Your instructions => Reproduce the entries exactly and omit the pictures.

(Image-text web data)
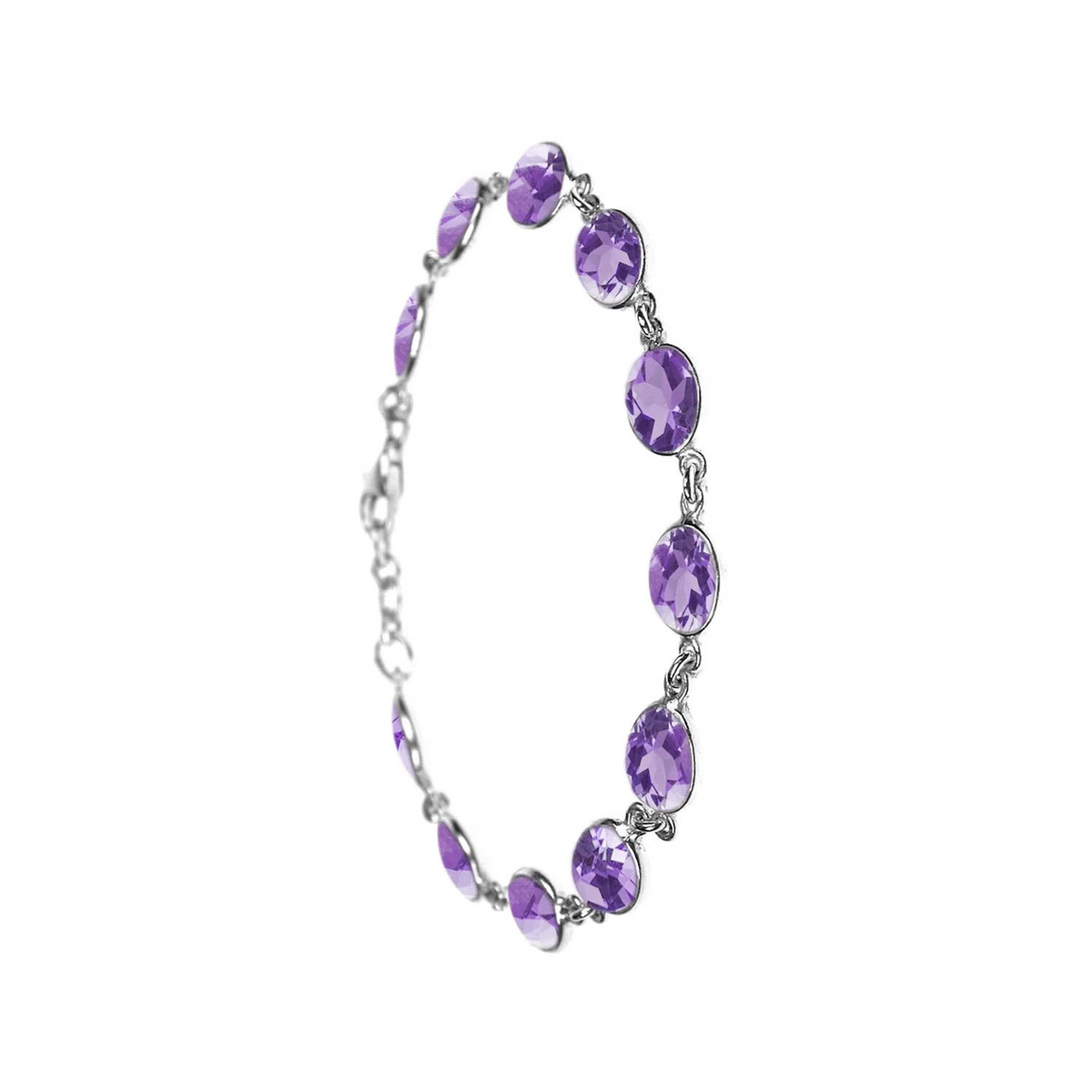 Flush Oval Amethyst Bracelet Sterling Silver 925 Hallmarked Brand New Boxed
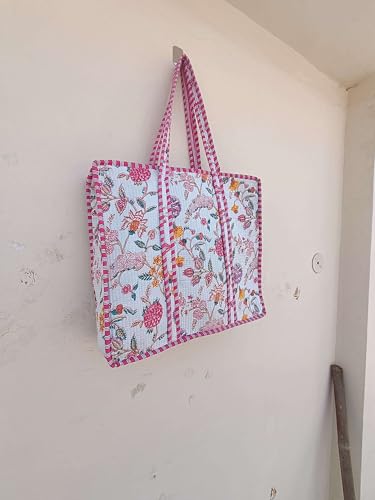 Image of Women's 100% Cotton Lightweight Shoulder Tote Bag with Interior Poeckt Casual Handbag for Women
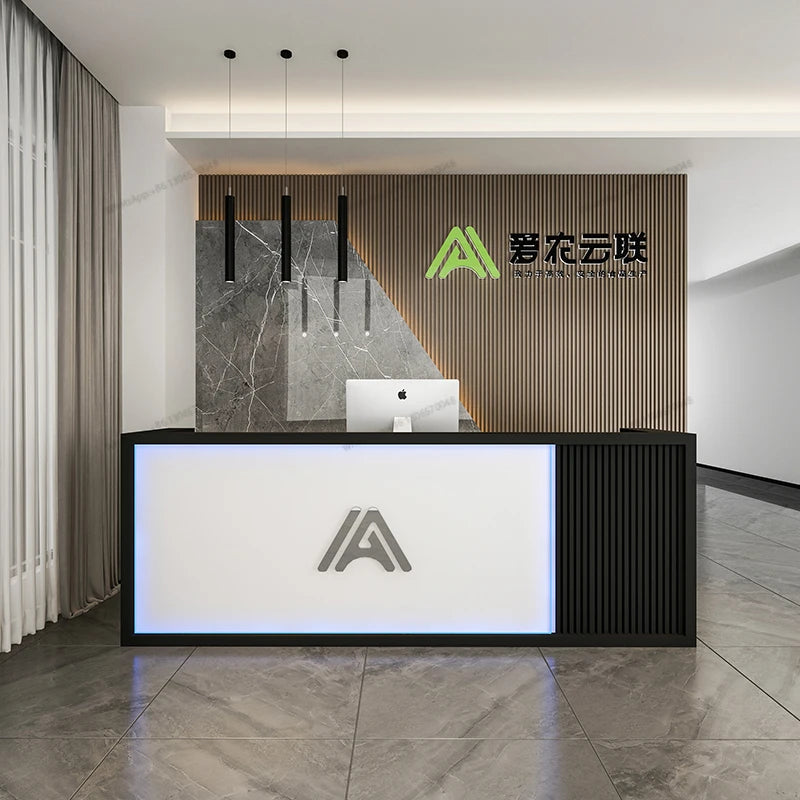 Minimalist modern company hotel sales department front desk curved reception desk beauty salon clubhouse commercial bar counter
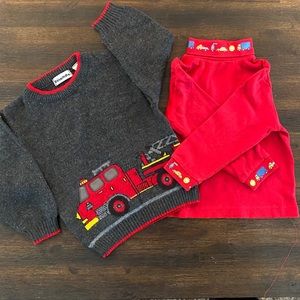 Fire truck sweater and matching turtleneck set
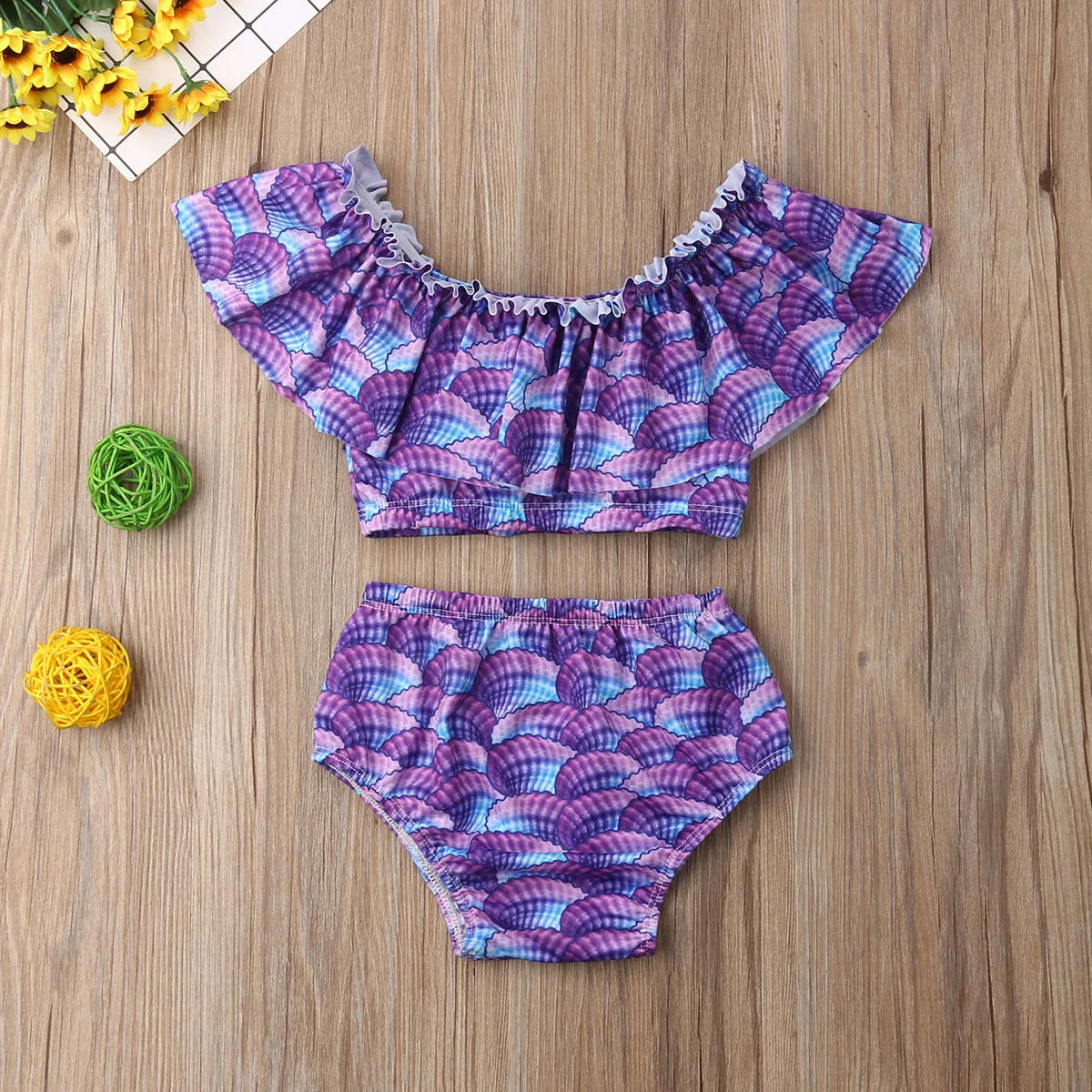 

2Pcs Toddler Baby Girl Clothes Off Shoulder Swimwear Bathing Suit Bikini Swimsuit Set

Answer to this task =>
 Flush Oval Amethyst Bracelet Sterling Silver 925 Hallmarked Brand New Boxed
 Image of Women's 100% Cotton Lightweight Shoulder Tote Bag with Interior Poeckt Casual Handbag for Women
 Minimalist modern company hotel sales department front desk curved reception desk beauty salon clubhouse commercial bar counter
 Fire truck sweater and matching turtleneck set

2Pcs Toddler Baby Girl Clothes Off Shoulder Swimwear Bathing Suit Bikini Swimsuit Set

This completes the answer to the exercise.